▸ **Exercise goal**:
Reproduce the full listing below unchanged, apart from the pictures.

▸ **Exercise data**:
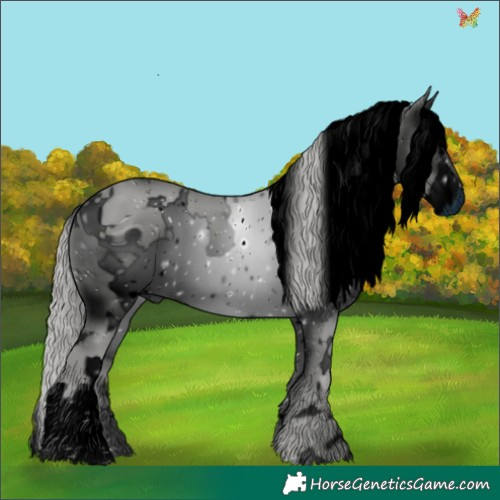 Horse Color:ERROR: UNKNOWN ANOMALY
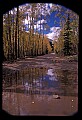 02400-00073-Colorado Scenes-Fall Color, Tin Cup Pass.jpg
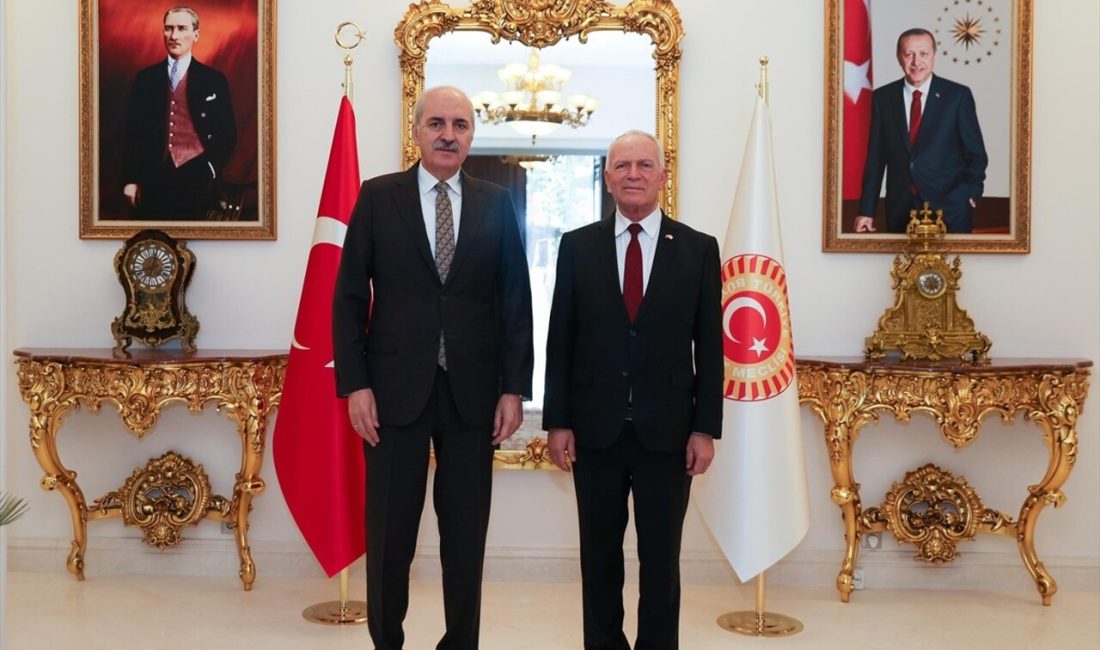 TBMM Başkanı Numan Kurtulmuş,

▸ **Result of this task**:
 Horse Color:ERROR: UNKNOWN ANOMALY
 02400-00073-Colorado Scenes-Fall Color, Tin Cup Pass.jpg
 TBMM Başkanı Numan Kurtulmuş,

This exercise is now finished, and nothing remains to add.